Likewise, China also toned down its criticism of US insistence on a multilateral solution and got itself involved in North Korea's internal affairs in a very subtle way.
Many experts have speculated about why the defiant regime in Pyongyang is suddenly becoming more conciliatory on the issue of negotiation with the US. One of the most obvious reasons appears to be that the US is expected to end its successful military campaign in Iraq soon.
The administration of US President George W. Bush is determined to go after those nations that it has described as the "axis of evil." North Korea, along with Iraq and Iran, were the countries pinpointed by Bush as having weapons of mass destruction and of having clandestinely supported terrorism.
Former Iraqi president Saddam Hussein's insistence of having no weapons of mass destruction was no escape from his eventual toppling by the US-led allied forces. Kim Jong-iI of North Korea must have learned the Iraqi lesson and can foresee his destiny if tensions with the US continue, having risen over his regime's ambiguous admission of restarting its nuclear weapons program.

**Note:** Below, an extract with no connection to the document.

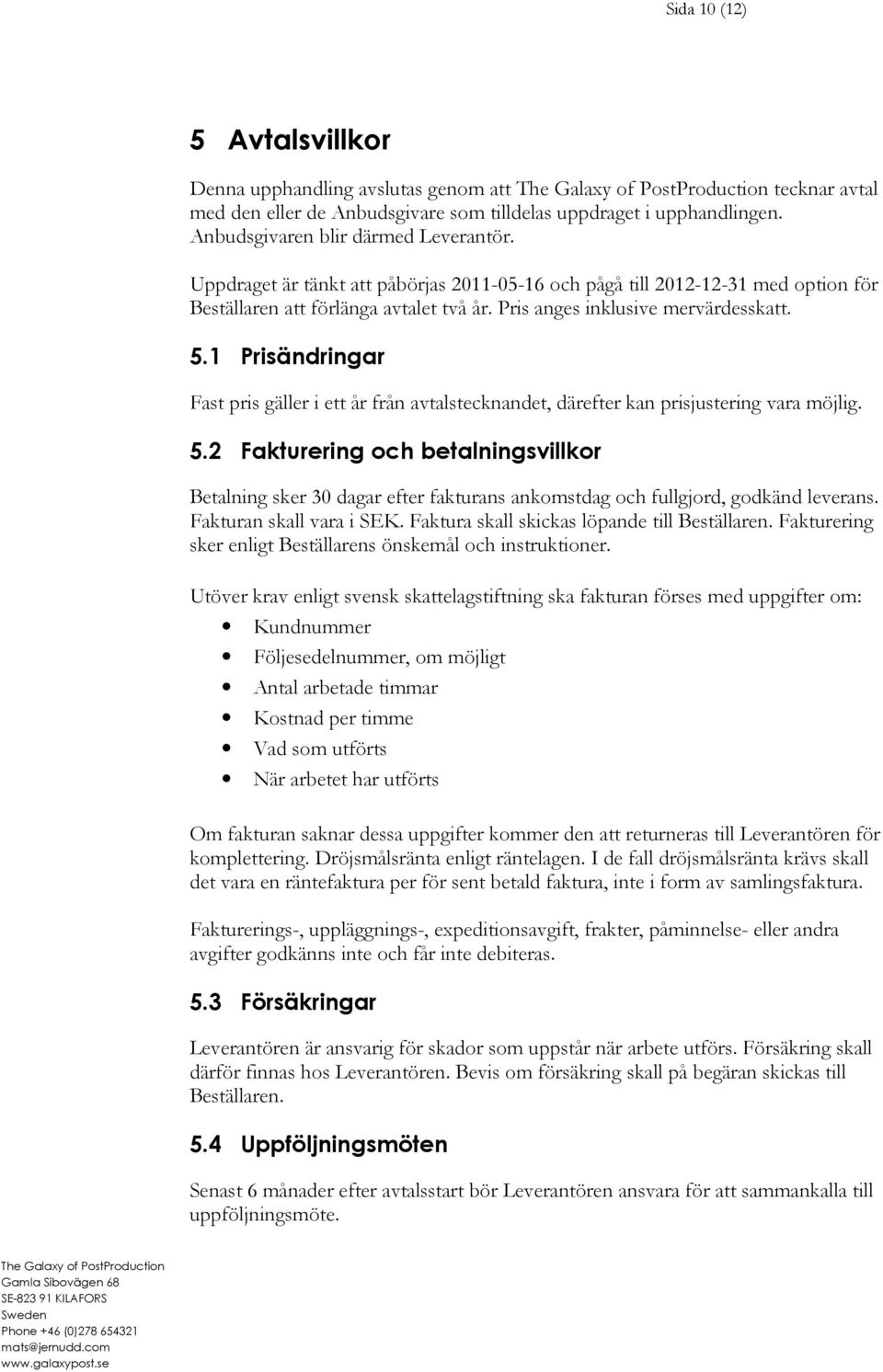 1 Prisändringar Fast pris gäller i ett år från avtalstecknandet, därefter kan prisjustering vara möjlig. 5.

From the statements issued by the North Korean government, one can see that that nation's leaders are very concerned about the sustainability of their regime and the likelihood of their being the next target of America's preemptive strike policy.
It is not without reason that China is serving as the host of the ongoing trilateral negotiations between the US, China and North Korea in Beijing. In spite of China's opposition to the use of force to disarm Iraq, the country has taken a low-profile approach on the Iraq issue and has tried to avoid conflict with the US. China insisted that the Iraq issue should be resolved by diplomatic means under the UN framework.
Nonetheless, China could do little to prevent the US from using the forces against Iraq, especially given the fact that China gets capital, advanced technology and an export market from the US.
A nuclearized North Korea does not serve China's strategic interest. Pyongyang's alleged nuclear weapons program has generated unwanted tensions in Northeast Asia. As continuous economic development and growth is the top policy for the new Chinese leadership, diplomatic bickering or even military conflict with the US due to North Korea's nuclear ambitions must be the last thing that Beijing wants.